▶

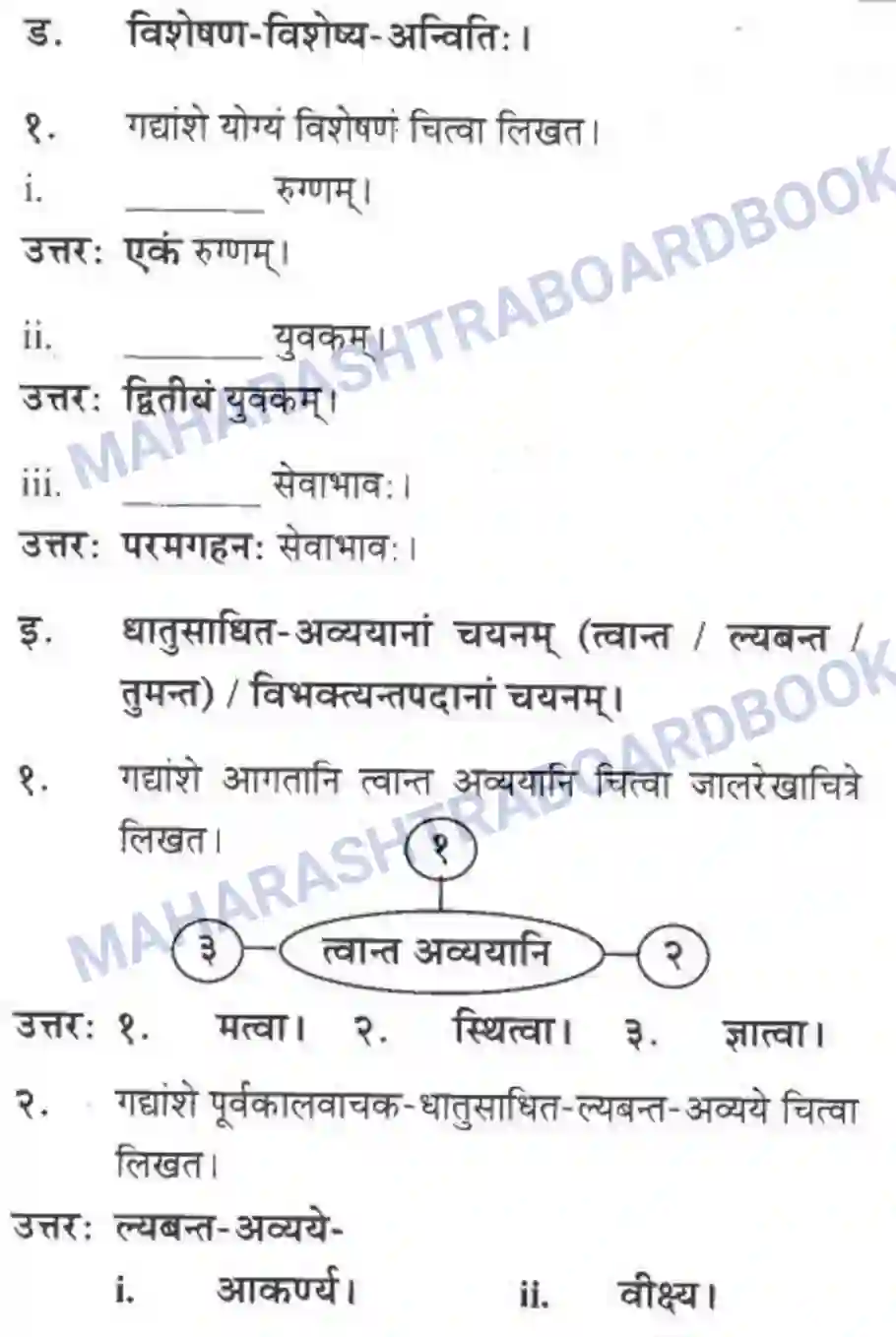 Maharashtra Board Solution class-10 मकरन्द+(Sanskrit) शिष्योत्तम। - गद्यम अवबोधनम Image 20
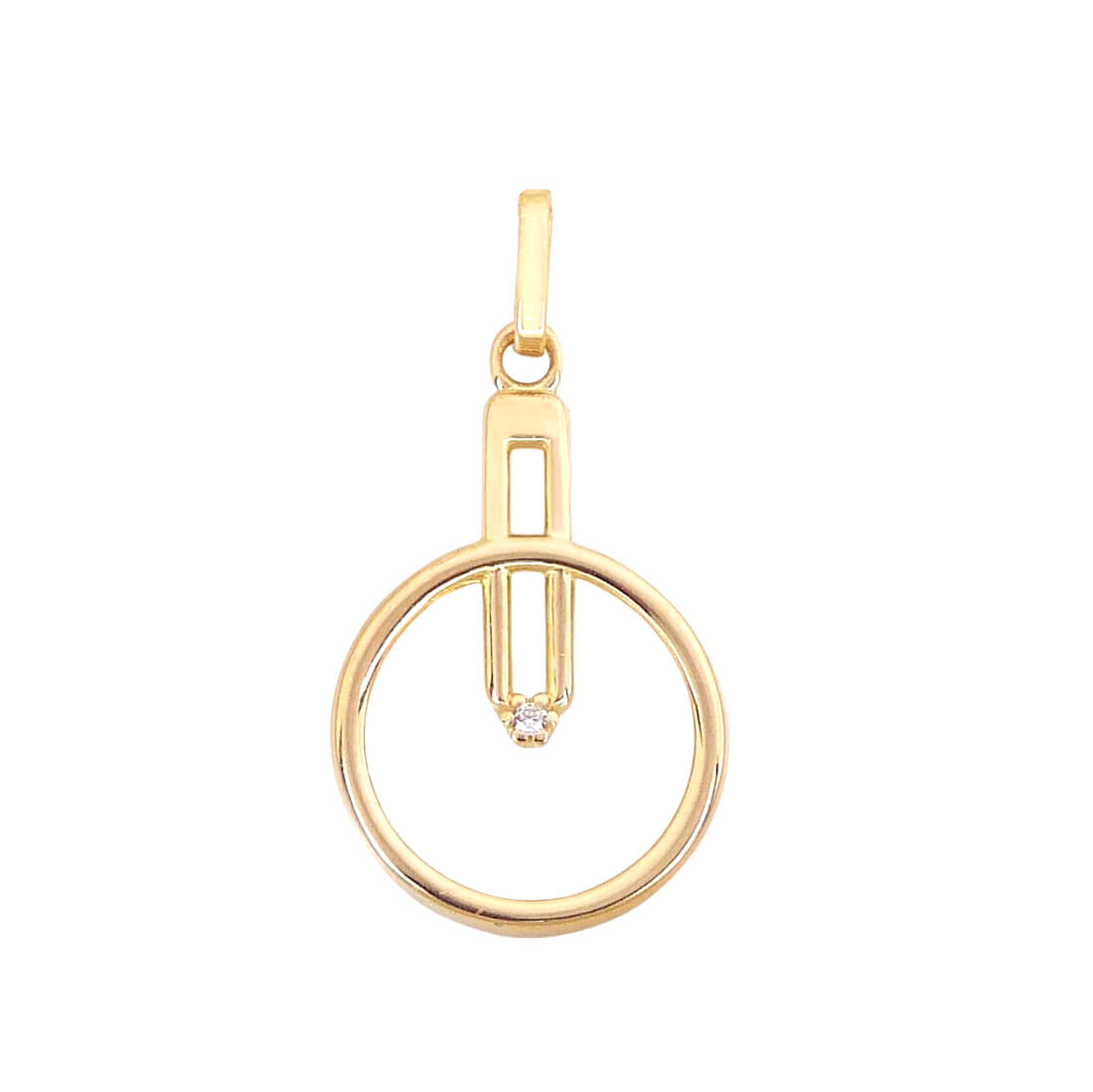 Colgante círculo brillo con circonita oro 18k
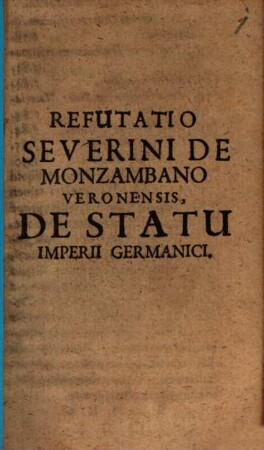 Refutatio Severini De Monzambano Veronensis, De Statu Imperii Germanici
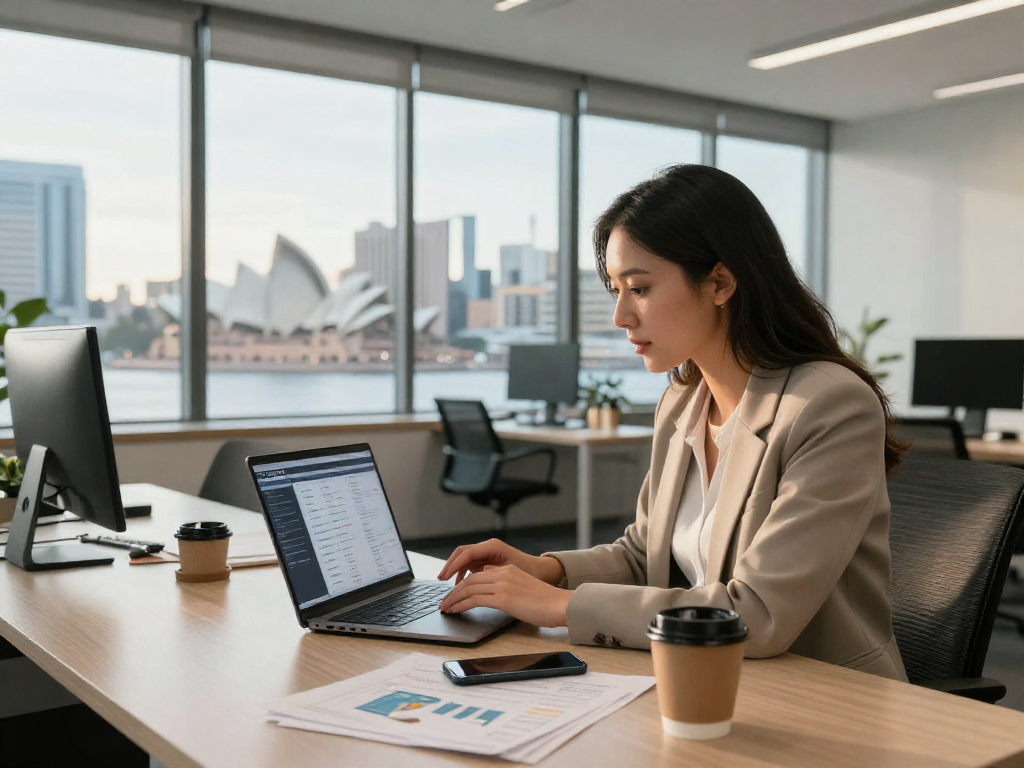 Property management fees Sydney overview with an agent reviewing listings in a bright office.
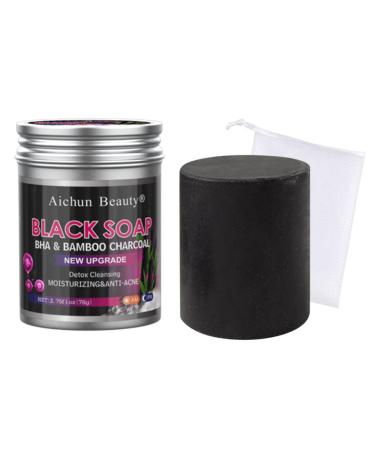AICHUN BEAUTY Black Soap BHA Bamboo Charcoal Detox Cleansing Moisturizing Anti-Acne PH Balance Oily Breakout Skin 78g/2.75fl.oz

◀

## EXERCISE DIRECTIONS:
Go through the listing above and write it out again exactly, dropping the pictures.

## ANSWER SPACE:
 Maharashtra Board Solution class-10 मकरन्द+(Sanskrit) शिष्योत्तम। - गद्यम अवबोधनम Image 20
 Colgante círculo brillo con circonita oro 18k
 Refutatio Severini De Monzambano Veronensis, De Statu Imperii Germanici
 Property management fees Sydney overview with an agent reviewing listings in a bright office.
AICHUN BEAUTY Black Soap BHA Bamboo Charcoal Detox Cleansing Moisturizing Anti-Acne PH Balance Oily Breakout Skin 78g/2.75fl.oz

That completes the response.